DEPOK, KOMPAS — Kondisi penduduk lansia di kawasan perkotaan mesti menjadi perhatian untuk dikaji lebih lanjut. Hal ini menyusul kecenderungan meningkatnya tingkat harapan hidup dan praktik kebijakan pensiun yang berlaku saat ini.
Pengajar dan periset di Centre for Ageing Studies Universitas Indonesia, Evi Nurvidya Arifin, Selasa (23/10/2018), mengatakan bahwa penduduk usia lanjut di kawasan perkotaan perlu dilihat kondisi jaringan sosialnya.
”Jangan-jangan lansia di kota lebih menderita dibandingkan di desa (karena) tidak ada jaring pengaman sosial yang memadai, apalagi ketika orang (warga) makin individual,” kata Evi seusai upacara promosi doktor ekonomi Ahmad Irsan A Moeis di Fakultas Ekonomi dan Bisnis, Universitas Indonesia, Depok, Jawa Barat.
Negara, dalam hal ini, misalnya, diharapkan menyiapkan fasilitas bagi masyarakat lansia untuk melakukan aktivitas secara lebih produktif.

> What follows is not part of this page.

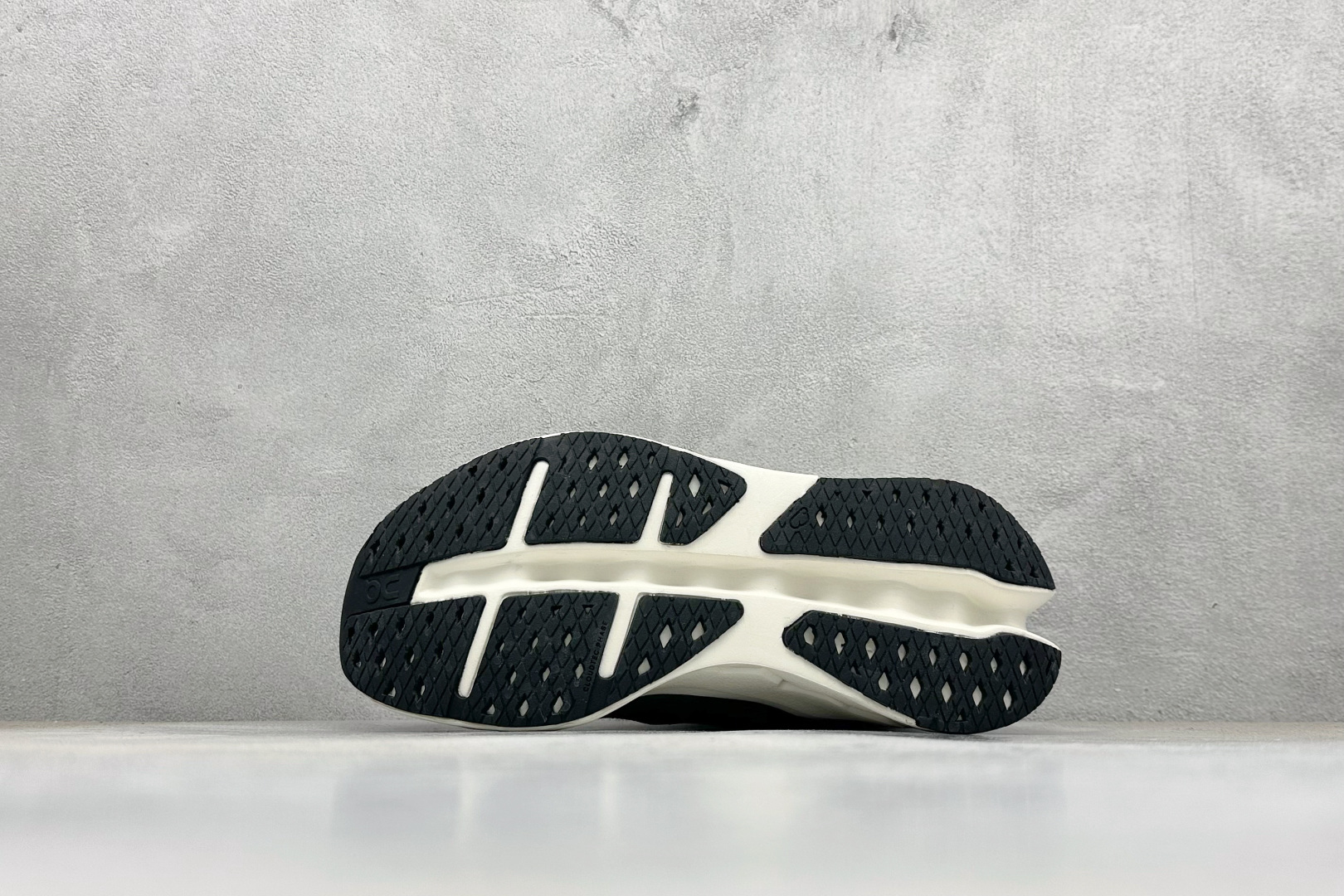 CIoudsurfer Max 昂跑 舒适轻便减震耐磨跑步鞋 采用了先进的缓震技术 能够有效减少跑步时对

Ia mencontohkan Singapura yang menyediakan semacam senior club di setiap blok perumahan tertentu.
”Ini penting sebagai media untuk masyarakat lansia,” ujar Evi.

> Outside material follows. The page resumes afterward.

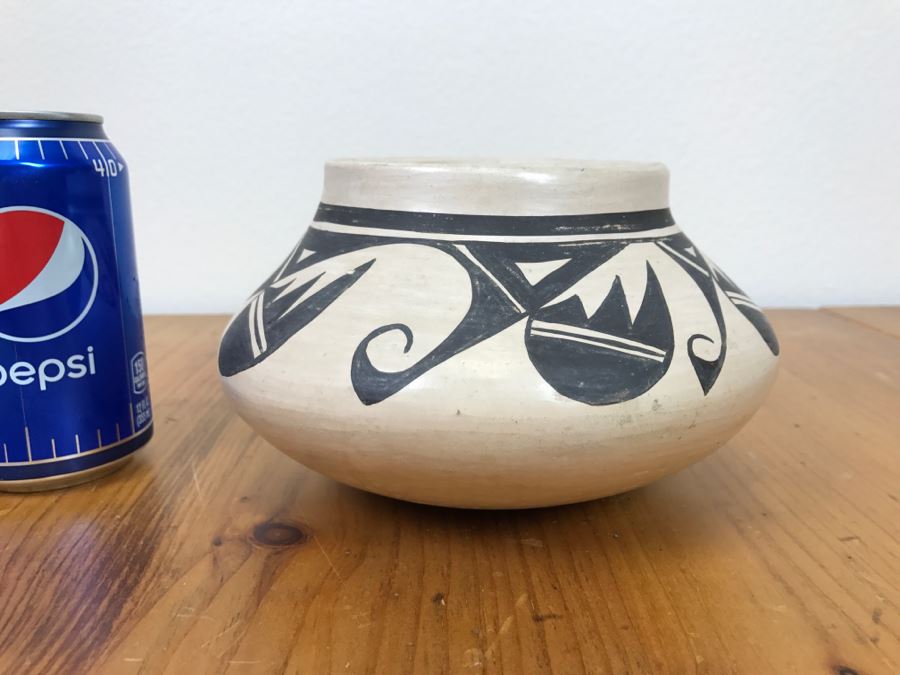 Signed Native American Pottery By Evelyn Poolheco Hopi-Tewa Potter 7'W x 4'H [Photo 9]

Selain itu, juga ada semacam komunikasi antargenerasi untuk memahami segala konteks perubahan peradaban saat ini dari masyarakat industri ke masyarakat pascaindustri atau masyarakat informasi. Evi menambahkan, hal tersebut seperti yang juga terjadi di Singapura ketika pada saat tertentu ada murid-murid SD yang berinteraksi dengan warga lansia dan mengajari segala hal tentang teknologi digital.
Hal itu diutarakan dalam konteks transisi demografi penduduk di Indonesia yang cenderung akan mengarah pada bertambahnya jumlah penduduk lansia. Pertambahan ini relatif akan membuat struktur piramida penduduk didominasi warga lansia.
Akan tetapi, karakteristik penduduk lansia di masa depan relatif tidak sama dengan sebagian lansia yang ada saat ini. Pasalnya, lansia masa depan adalah penduduk usia produktif saat ini yang lebih terinformasi, melek teknologi, dan sebagainya serta cenderung sesuai dengan perubahan basis perekonomian menuju masyarakat informasi.
Sementara di sisi lain terdapat otomatisasi di sejumlah jenis pekerjaan. Hal ini membuat banyak pekerjaan konvensional hilang karena digantikan mesin dan membuat perubahan ekosistem ketenagakerjaan menjadi sebuah keniscayaan.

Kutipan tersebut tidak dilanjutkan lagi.